Problem to work on >>
The result should be the listing below restated word for word, with images left out.

Data block >>
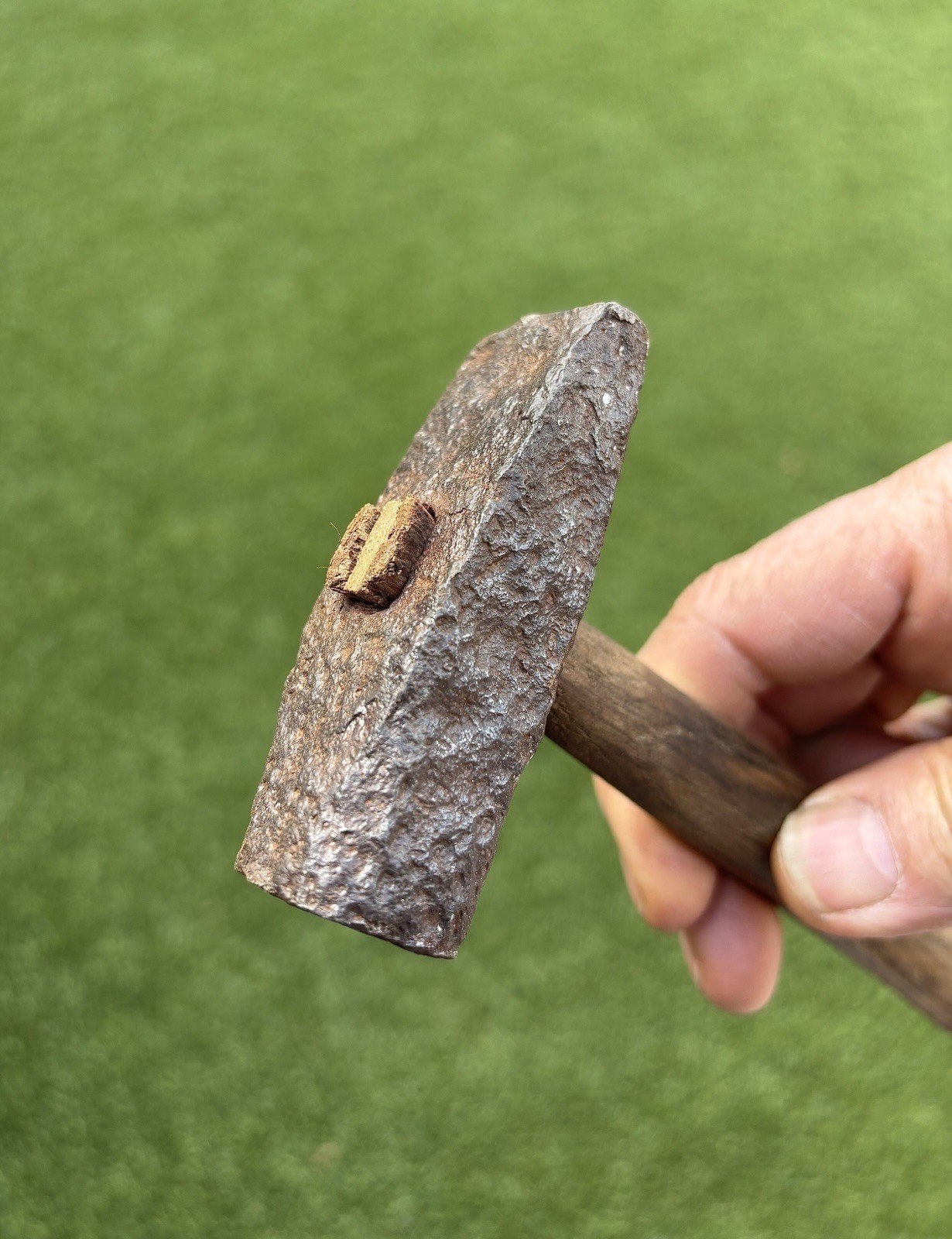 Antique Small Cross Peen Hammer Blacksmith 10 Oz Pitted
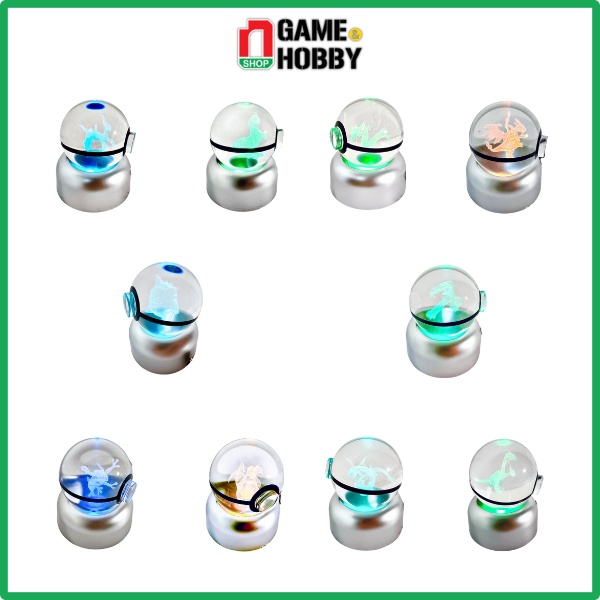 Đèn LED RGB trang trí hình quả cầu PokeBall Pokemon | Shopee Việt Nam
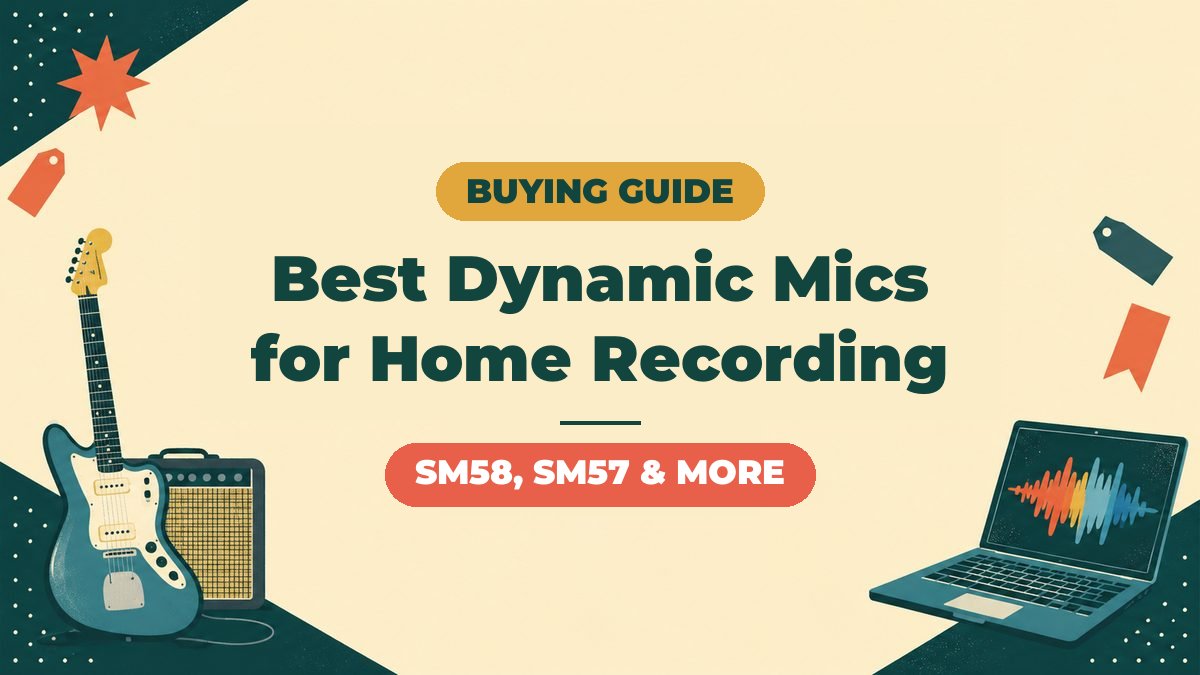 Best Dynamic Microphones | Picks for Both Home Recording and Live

Exercise response >>
 Antique Small Cross Peen Hammer Blacksmith 10 Oz Pitted
 Đèn LED RGB trang trí hình quả cầu PokeBall Pokemon | Shopee Việt Nam
 Best Dynamic Microphones | Picks for Both Home Recording and Live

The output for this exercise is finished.